Output exactly, with nothing added, the entries from the first line through the line with "هذي,فلتله,الى".

__Source data__
******************************

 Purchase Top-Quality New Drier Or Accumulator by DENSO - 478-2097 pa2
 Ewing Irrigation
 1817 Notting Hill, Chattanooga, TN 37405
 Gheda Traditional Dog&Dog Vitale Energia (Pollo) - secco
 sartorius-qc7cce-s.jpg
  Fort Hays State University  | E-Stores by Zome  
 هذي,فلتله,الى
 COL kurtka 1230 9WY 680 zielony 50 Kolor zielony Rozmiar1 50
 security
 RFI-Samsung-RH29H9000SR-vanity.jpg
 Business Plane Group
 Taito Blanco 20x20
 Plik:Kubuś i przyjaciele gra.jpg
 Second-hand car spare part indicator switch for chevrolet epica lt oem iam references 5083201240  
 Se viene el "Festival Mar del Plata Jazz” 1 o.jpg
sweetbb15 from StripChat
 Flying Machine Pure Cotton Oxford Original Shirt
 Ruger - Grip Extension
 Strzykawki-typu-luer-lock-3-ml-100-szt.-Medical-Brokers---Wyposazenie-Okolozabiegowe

******************************

__Exercise answer__
 Purchase Top-Quality New Drier Or Accumulator by DENSO - 478-2097 pa2
 Ewing Irrigation
 1817 Notting Hill, Chattanooga, TN 37405
 Gheda Traditional Dog&Dog Vitale Energia (Pollo) - secco
 sartorius-qc7cce-s.jpg
  Fort Hays State University  | E-Stores by Zome  
 هذي,فلتله,الى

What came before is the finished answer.